According to the invention the compressed air in the wire store is blown onto the wire in such a way that the wire runs substantially along a circular path in a predetermined angular range. Regardless of whether the wire store is currently receiving a minimum quantity or maximum quantity of wire, or any desired quantity in between, the wire always runs approximately on a circular path; only the radius thereof changes. The quantity of wire instantaneously accommodated by the wire store does not have any appreciable effect on the tension force in the wire therefore.

A device for supplying wire from the wire roll to the capillary of the wire bonder comprises a holder, driven by a motor, for receiving the wire roll and a wire store. The wire store according to the invention comprises two plates that are arranged so as to be spaced apart and between which a plurality of channels are formed of which the outlet apertures are located on a circular arc and which, with respect to the center of the circular arc, run in a substantially radial direction. The channels cover an angular range φ. During operation the channels are loaded with compressed air which thus flows in the radial direction and tensions the wire. The wire runs substantially along a circular path within the angular range φ. The angular range φ is typically 150° to 180°, however at least 90°. The number of channels is preferably at least φ/30°.

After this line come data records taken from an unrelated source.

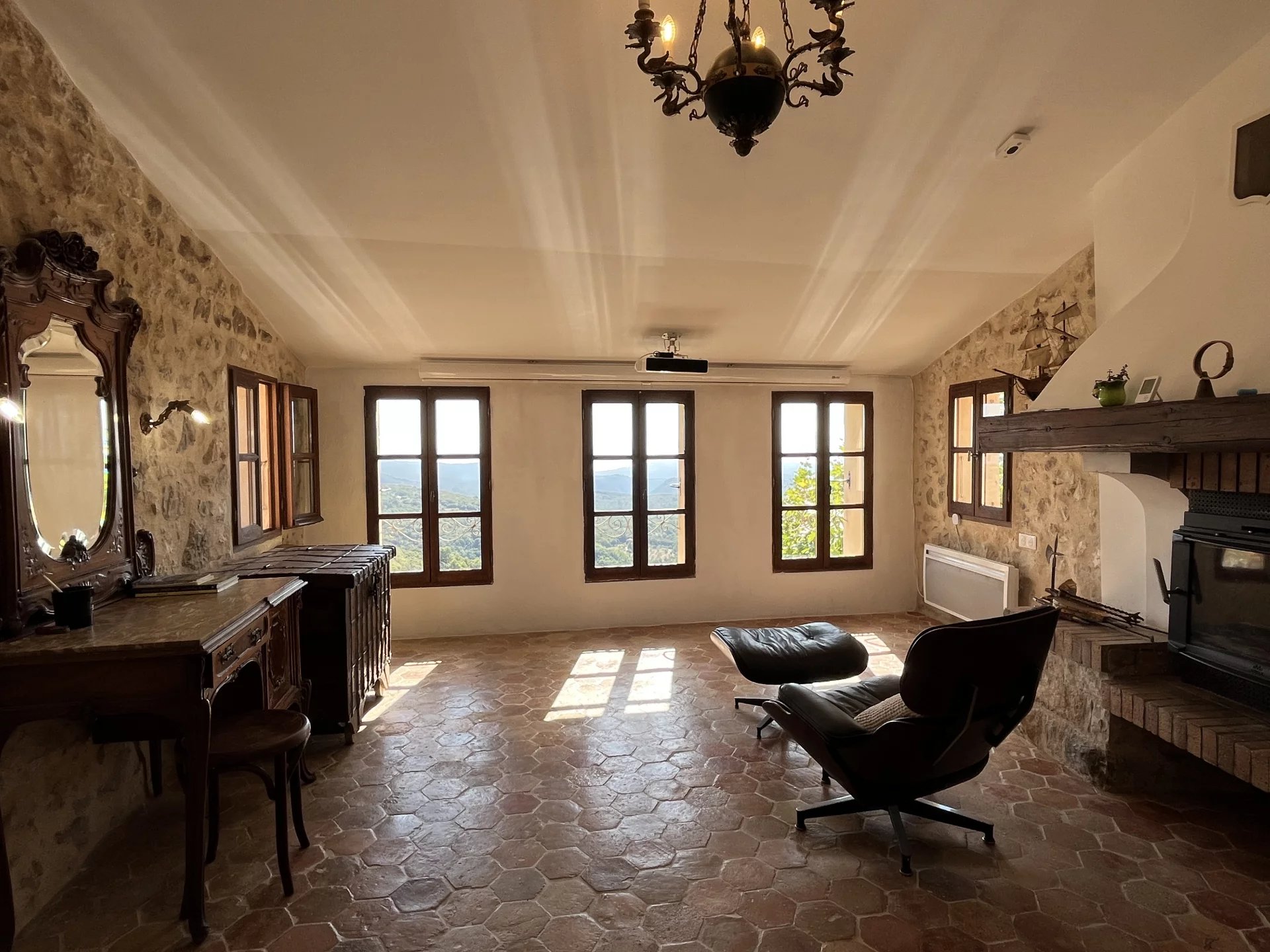 Charming village house with independent studio - MONS Charming village house with independent studio - MONS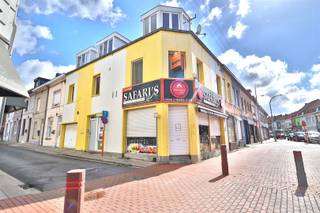 Handelspand met woonst in commercieel centrum van Menen  225 m² ruimte en potentieel Gelegen in het commerciële centrum van Menen, biedt dit ruime...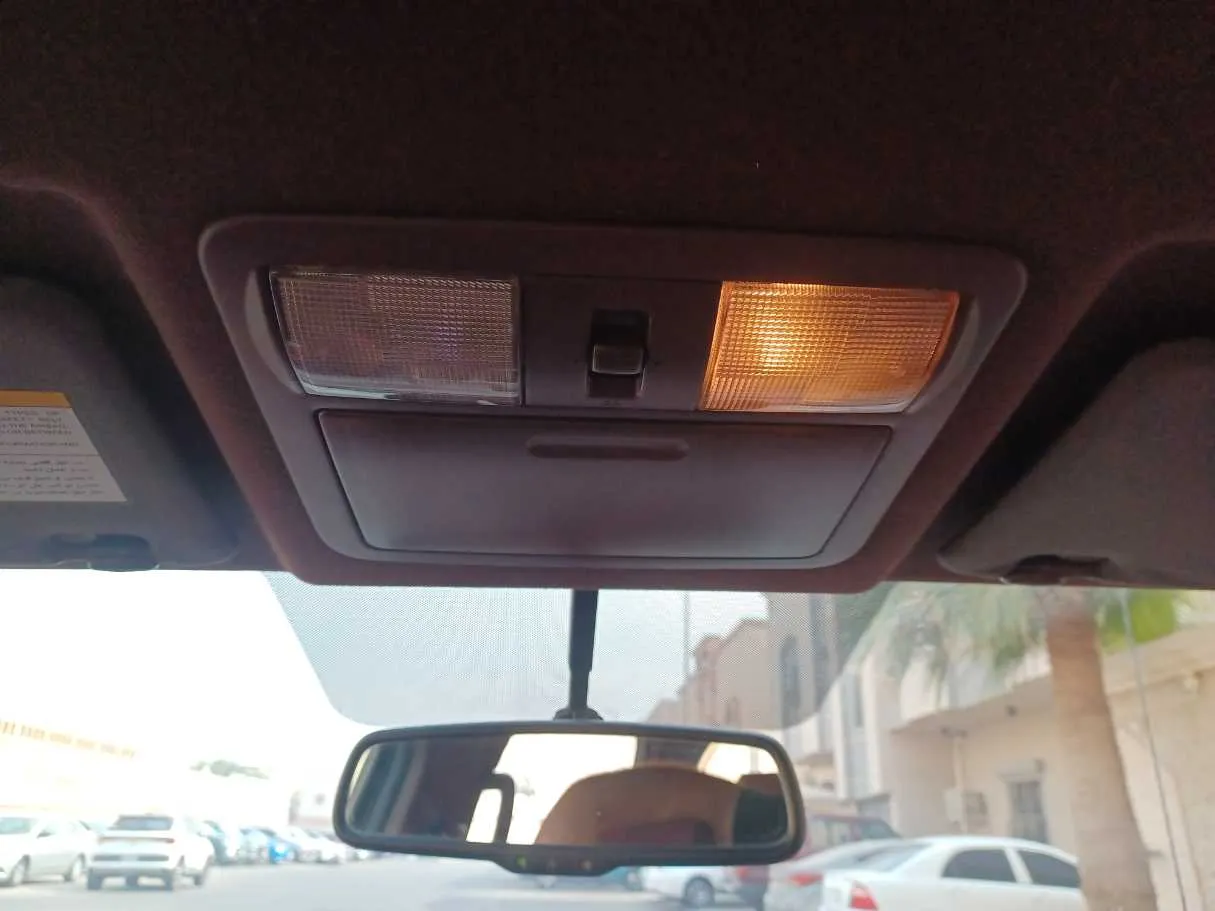 Car image 20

At the entrance to the wire store and at the exit from the wire store there is preferably arranged a respective pin at which the wire is deflected during operation, or the wire store itself is constructed in such a way that during operation the wire is deflected at a predetermined location at the entrance to the wire store and at a predetermined location at the exit from the wire store. This results in the direction in which the wire enters the wire store and the direction in which the wire exits the wire store being independent of the length of the wire received in the wire store. The tension force in the wire is thus largely independent of the length of the wire received in the wire store.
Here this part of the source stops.